Three students have designed a high-tech tool to detect breast cancer that could mean underserved communities around the world would have access to a critical and potentially life-saving diagnostic service.
The team of Bindi Nagda, a third-year Ph.D. applied mathematics major, Nashaita Patrawalla, a first-year Ph.D. biomedical engineering major, and Harold Raghunandan, a senior software engineering major, won first place in the Electrical/Computer Science Track at the Biomedical Engineering Society-Medtronic Design Competition held at the 2021 BMES Annual Meeting.
They were recognized for their design of a medical device and mobile application that incorporates neural networks and machine learning for automated image reconstruction of human tissue being imaged using bioimpedance sensors. The team won $2,500, an engraved trophy and the opportunity to discuss designs further with representatives from the medical equipment company Medtronic.
The patent-pending machine would scan breast tissue and use machine learning to create an image that would indicate the presence of tumors in the tissue, if there were any. Patients can use the mobile app to connect with the device and view their medical scans via the app. The app is also used as a way for patients to connect with doctors who can review their medical data and suggest next steps.
The project has been ongoing for over a year and came about when Nagda, a native of Kenya, was inspired to find a way to help the underserved citizens in her country. In Kenya, the age-standardized rate of breast cancer incidence is 40.3 per 100,000 women, making it the most common cancer among Kenyan women, according to the journal JCO Global Oncology. Nagda recruited Patrawalla and Raghunandan to the team and together they spearheaded the project.
“Despite the advent of medical technology and exponential growth of technology, a lot of under-resourced communities have still been left behind or are still struggling to have access to these resources, so we’re trying to develop this product so that it’s accessible, low cost and is something that, regardless of someone’s socioeconomic background, they have access to,” Nagda said. “Growing up in Kenya I definitely saw how technology has been something that has helped the underserved but they’re not having enough access to it, so this is really our motivating factor why we want this product out there.”
During the development of the product, the team has faced various challenges, such as a rotation of team members outside of the core three due to graduation or students going to grad school. This led to Nagda, Patrawalla and Raghunandan picking up new skills.
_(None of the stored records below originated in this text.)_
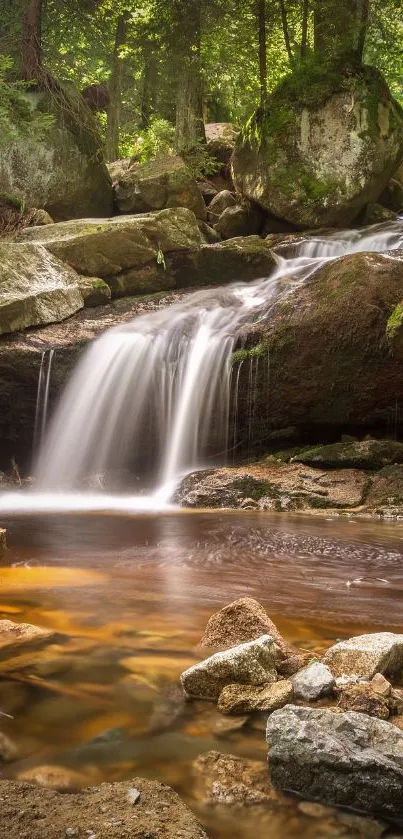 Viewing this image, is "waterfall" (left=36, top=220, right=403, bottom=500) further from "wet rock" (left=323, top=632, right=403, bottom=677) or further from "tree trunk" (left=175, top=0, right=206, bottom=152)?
"tree trunk" (left=175, top=0, right=206, bottom=152)

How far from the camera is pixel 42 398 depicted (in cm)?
1063

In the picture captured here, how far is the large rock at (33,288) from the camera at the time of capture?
35.2 feet

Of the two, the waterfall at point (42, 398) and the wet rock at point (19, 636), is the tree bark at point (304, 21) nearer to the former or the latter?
the waterfall at point (42, 398)

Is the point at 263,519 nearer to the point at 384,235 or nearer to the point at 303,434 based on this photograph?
the point at 303,434

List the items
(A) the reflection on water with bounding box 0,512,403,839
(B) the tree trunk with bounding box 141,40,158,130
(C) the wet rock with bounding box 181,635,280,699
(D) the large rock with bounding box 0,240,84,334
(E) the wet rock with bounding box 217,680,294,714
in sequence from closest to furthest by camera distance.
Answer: (A) the reflection on water with bounding box 0,512,403,839, (E) the wet rock with bounding box 217,680,294,714, (C) the wet rock with bounding box 181,635,280,699, (D) the large rock with bounding box 0,240,84,334, (B) the tree trunk with bounding box 141,40,158,130

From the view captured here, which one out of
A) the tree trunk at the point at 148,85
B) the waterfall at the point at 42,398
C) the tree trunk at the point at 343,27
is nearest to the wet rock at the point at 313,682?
the waterfall at the point at 42,398

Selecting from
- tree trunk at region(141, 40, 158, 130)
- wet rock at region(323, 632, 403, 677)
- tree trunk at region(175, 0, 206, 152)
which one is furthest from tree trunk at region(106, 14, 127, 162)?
wet rock at region(323, 632, 403, 677)

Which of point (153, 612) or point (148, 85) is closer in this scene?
point (153, 612)

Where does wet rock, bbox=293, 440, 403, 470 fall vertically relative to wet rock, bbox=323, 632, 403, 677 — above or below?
below

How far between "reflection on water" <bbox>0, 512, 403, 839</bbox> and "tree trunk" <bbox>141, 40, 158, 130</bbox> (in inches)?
625

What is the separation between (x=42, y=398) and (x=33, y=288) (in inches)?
80.4

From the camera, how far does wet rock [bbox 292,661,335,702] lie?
237cm

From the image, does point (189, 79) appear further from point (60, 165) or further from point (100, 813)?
point (100, 813)

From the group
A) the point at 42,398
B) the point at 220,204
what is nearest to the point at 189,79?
the point at 220,204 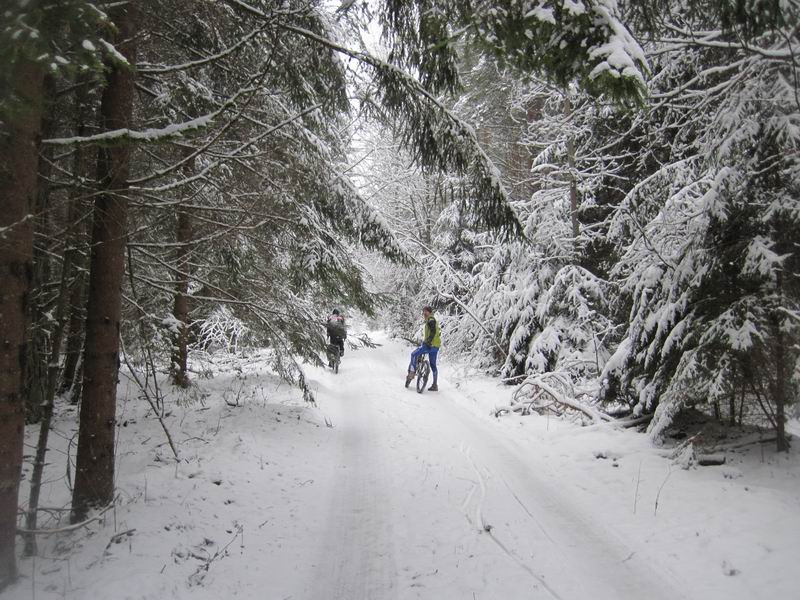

On the technical side, the three noted how they had to learn about medical terminology and what privacy standards needed to be followed when processing patient data.
For the team, the project is one of passion, as there is no direct academic tie to it. The project has been funded by the students, utilizing the skills learned in class, with the goal of making a difference in their communities.
“It is exciting to be able to apply what we are learning in the classroom in our specific fields of study, to acquire hands-on experience to create this medical device,” Patrawalla said. “What drives us is that we are able to identify a problem and use our skillset to come up with a solution that will make a direct impact in the lives of thousands of women.”
The next goal for the project is to launch the minimum viable product (MVP) version of the project, which is a version with just enough features to be usable by early customers who can then provide feedback for future product development. After doing some testing of the device, the team would like to launch the device as a general wellness device under FDA approval. Also, the team is looking to develop the business plan and model for the product while also securing more mentors, advisors and funding. The three said they were immensely grateful for the mentorship provided by Jeannette Kraar from Florid Tech’s weVENTURE Women’s Business Center at the Bisk College of Business.
“Being able to work on these purposeful projects and contribute to underserved communities (is important), because as technology advances across the world, we still see research statistics showing that underserved communities are not benefiting from these advances.” Raghunandan said. “So, that’s what has my interest in the project as well, being able to have a purposeful impact, not just around the world, but specific parts.”